Arranca el sermón con nueve bienaventuranzas. Así también arrancan los Salmos, con bienaventuranzas (Salmo 1). Que quede claro: El mensaje del Reino, el mensaje de los cielos, el mensaje de Dios es un mensaje de ESPERANZA de BUENAS NUEVAS (eso significa la palabra “evangelio”). La esperanza de la salvación, de ser justificados, de ser libres del pecado, de tener transcendencia, de que hay un perdón incondicional, de que no importa tu pasado: si te arrepientes, Dios te redime. Esa es la esperanza básica y final del ser humano. Es algo totalmente enfocado en la eternidad y en lo espiritual, lo cual es la mayor bendición.
En el mismo Sermón del Monte, Jesús nos mostró la prioridad que tenemos que tener en nuestras vidas: “Mas buscad primeramente el Reino de Dios y su justicia y las demás cosas os serán añadidas” (Mt 6.33). Por encima de todo: riquezas materiales, amor humano, aceptación, poder, prestigio, confort, estatus, reconocimiento, placer, etc.; por encima de cualquier otra cosa, el verdadero hijo de Dios debe de buscar “el reino de Dios y su justicia”. Lo demás: la paz, el gozo, el contentamiento, la fidelidad, el amor divino y humano y la plenitud vendrán por añadidura, sean cuales sean nuestras circunstancias.
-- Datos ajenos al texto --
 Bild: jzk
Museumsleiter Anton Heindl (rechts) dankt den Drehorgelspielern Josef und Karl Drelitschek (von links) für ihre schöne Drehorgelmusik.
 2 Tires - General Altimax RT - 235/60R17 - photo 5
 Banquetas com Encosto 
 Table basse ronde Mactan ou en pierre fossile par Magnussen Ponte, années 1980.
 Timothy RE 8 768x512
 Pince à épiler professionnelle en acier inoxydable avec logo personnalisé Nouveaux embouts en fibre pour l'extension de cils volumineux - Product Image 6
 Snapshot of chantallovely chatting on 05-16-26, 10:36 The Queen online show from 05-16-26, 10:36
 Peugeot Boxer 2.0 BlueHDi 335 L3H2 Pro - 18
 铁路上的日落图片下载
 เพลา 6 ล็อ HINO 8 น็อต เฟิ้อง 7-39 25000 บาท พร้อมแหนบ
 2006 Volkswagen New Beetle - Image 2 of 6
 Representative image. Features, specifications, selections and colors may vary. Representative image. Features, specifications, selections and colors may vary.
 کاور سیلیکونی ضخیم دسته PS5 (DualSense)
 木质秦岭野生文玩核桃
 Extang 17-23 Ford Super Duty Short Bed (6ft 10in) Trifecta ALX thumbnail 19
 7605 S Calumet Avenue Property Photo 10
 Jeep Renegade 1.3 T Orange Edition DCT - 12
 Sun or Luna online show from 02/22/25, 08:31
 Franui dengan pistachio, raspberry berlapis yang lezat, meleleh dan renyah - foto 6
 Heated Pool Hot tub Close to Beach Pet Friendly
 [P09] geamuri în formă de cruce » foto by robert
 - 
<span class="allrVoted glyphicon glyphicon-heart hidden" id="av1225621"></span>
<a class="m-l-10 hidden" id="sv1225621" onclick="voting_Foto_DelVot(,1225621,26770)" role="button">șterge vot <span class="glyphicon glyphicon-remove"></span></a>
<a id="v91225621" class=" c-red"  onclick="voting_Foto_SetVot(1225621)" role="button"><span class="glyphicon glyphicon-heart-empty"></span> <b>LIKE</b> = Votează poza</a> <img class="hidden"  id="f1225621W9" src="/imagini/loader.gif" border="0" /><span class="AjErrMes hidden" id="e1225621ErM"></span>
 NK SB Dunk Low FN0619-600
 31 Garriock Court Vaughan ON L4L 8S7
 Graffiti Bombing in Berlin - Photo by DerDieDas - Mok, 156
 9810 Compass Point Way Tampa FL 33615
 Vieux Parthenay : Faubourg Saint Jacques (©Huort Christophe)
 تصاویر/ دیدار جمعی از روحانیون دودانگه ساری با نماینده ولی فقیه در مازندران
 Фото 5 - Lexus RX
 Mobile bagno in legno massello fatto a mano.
Porque allá al final de todo, más allá de los momentos que vivimos, entendemos que todo esto es pasajero y que, al final de todo, estaremos eternamente con nuestro Dios en un lugar donde ya no hay llanto ni dolor. A eso se lo denomina la “bendita esperanza”. Esa es nuestra mira, no otra cosa. Colosenses 3.1 dice: “Poned la mira en las cosas del cielo, no en las de la tierra”.
Un verdadero hijo de Dios, alguien que quiere edificar su vida sobre este mensaje, entiende eso y está dispuesto a todo con tal de no salirse del camino.
El vivir sobre la roca y gozar de las bienaventuranzas no nos exime de pruebas, tentaciones y luchas. No se olviden que también la casa que fue edificada sobre la roca sufrió los golpes de los ríos, lluvia y viento, igual que la edificada sobre la arena. La diferencia es que una cayó y otra quedó firme.